Termina una vida, la de Don Gregorio Sánchez Fernández, tan abracadabrante, extraña y magnéticamente simpática como cualquiera de sus mejores chistes. Porque, ¿quién se iba a imaginar que un malagueño sexagenario que había sido palmero y cantaor, que había vivido en Japón por cosas del flamenco sería la gran estrella televisiva de los coloridos años 90 españoles? Pero lo fue: nadie que viera aquellas seminales entregas de Genio y Figura, el programa presentado por Bertín Osborne y Pepe Carrol, podrá olvidar cómo irrumpió en nuestras vidas aquel señor con camisas de lunares, movimientos estrambóticos, chistes más o menos anodinos pero vestidos asombrosamente... Y, sobre todo, generador de expresiones, hoy, más de veinte años después, en pleno uso: fistro sexual, diodeno, pecador de la pradera y torpedo, entre muchas otras. Por no hablar de gregorías como «trabajas menos que el fotógrafo del BOE», «Tiene la nariz tan grande que estornuda y se apuñala» o «Eres más lento que un accidente entre caracoles». Perlas de humor, sí, pero también más allá de la gracia y la carcajada: imaginación pura, de la que sólo surge del más lógico de los absurdos. Reducir su arte al concepto de chiste sería como decir que Groucho Marx era un tipo gracioso.

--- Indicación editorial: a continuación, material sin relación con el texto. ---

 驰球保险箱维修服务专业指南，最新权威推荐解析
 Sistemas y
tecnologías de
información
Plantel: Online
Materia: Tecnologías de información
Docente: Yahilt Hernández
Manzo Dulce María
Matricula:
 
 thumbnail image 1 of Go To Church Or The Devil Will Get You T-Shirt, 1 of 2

A los 8 años, este hijo de electricista sevillano y vecino de la Trinidad, sí, de La Calzada de La Trinidad, ya empezó a patearse un buen puñado de tablaos y de tugurios flamencos con el grupo artístico de singular nombre, Los Capullitos Malagueños; con 12 iba de pueblo en pueblo cantando los temas del momento para sacarse unas pesetas para la familia. Porque decir que sus orígenes y su infancia fue humilde sería el más cruel de los eufemismos; lo que vivió este hombre fue una existencia de miseria como pocas: «Cantaba que era un fenómeno pero comía muy malamente», aseguraba.

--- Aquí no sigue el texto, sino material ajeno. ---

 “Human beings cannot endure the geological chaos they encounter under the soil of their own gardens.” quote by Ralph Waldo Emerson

Pronto empezó a contar chistes y hacer todo tipo de locuras entre actuaciones para que el público no se aburriera. Unas singulares rutinas que llevó hasta Japón, donde vivió dos años. Cuentan que una vez en Tokio una rata salió al escenario, y que el cantaor Chiquito, así como quien no quiere la cosa, se puso a charlar con ella en español y japonés.

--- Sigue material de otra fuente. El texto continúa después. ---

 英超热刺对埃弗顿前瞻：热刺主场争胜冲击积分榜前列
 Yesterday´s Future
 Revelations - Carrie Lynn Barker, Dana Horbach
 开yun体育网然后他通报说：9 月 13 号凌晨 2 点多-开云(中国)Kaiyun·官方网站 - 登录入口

En los años 90, Tomás Summers vio a un señor de sesenta y pocos con camisa de lunares imposibles en plena actuación en Torremolinos: a este bicho había que traérselo a Madrid. El bicho no tenía muchas ganas de volar en avión (les tenía pánico desde su viaje a Tokio) así que fue en tren. Estaba ya muy mayor para que le dijeran lo que tenía que hacer. Y ahí empezó Genio y Figura, y con aquel malagueño de movimientos raros, entre Michael Jackson y un lumbago eterno, el big bang de mucho humor que se practica ahora mismo en nuestro país (hola, chanantes; hola, Venga Monjas) y todo un fenómeno social de proporciones estratosféricas. Llegó a lo más alto, hasta cambiar la forma de hablar de muchos. Don Gregorio se hacía entonces más de 150 galas al año, y, claro, llegó el dinero. Mucho. ¿Qué pensaría el Gregorio niño, que vivió en «una casa cargada de ratas»?

Siempre a su lado, Josefa, Pepita. En una entrevista Chiquito recordó: «La conocí en Córdoba mientras trabajaba en el circo. Cuando vi a esa mujer en primera fila me dije: ¡Hasta luego, Lucas! Ésta ya no se me va». Y así fue. No tuvieron hijos (Pepita sufrió tres abortos), aunque consideraron como tal al mánager del humorista, Arturo del Piñal.

Pepita falleció hace cinco años, a su lado, como siempre. Se murió de repente. Llevaban más de cinco décadas juntos. Tanto le impactó a Chiquito la muerte que perdió la memoria, olvidó hasta su número de teléfono.

Los familiares intentaron convencerle de que se fuera a vivir con ellos, pero él prefirió quedarse en su casa, rodeado de los recuerdos de Pepita y de su vida en común. Han sido cinco años de coda, de epílogo, más que de existencia, que seguro se le habrán hecho eternos. Descanse, maestro, y nuestros saludos a Pepita. Nosotros seguiremos aquí riéndonos como usted nos enseñó: sin más límites que el del absurdo y la imaginación.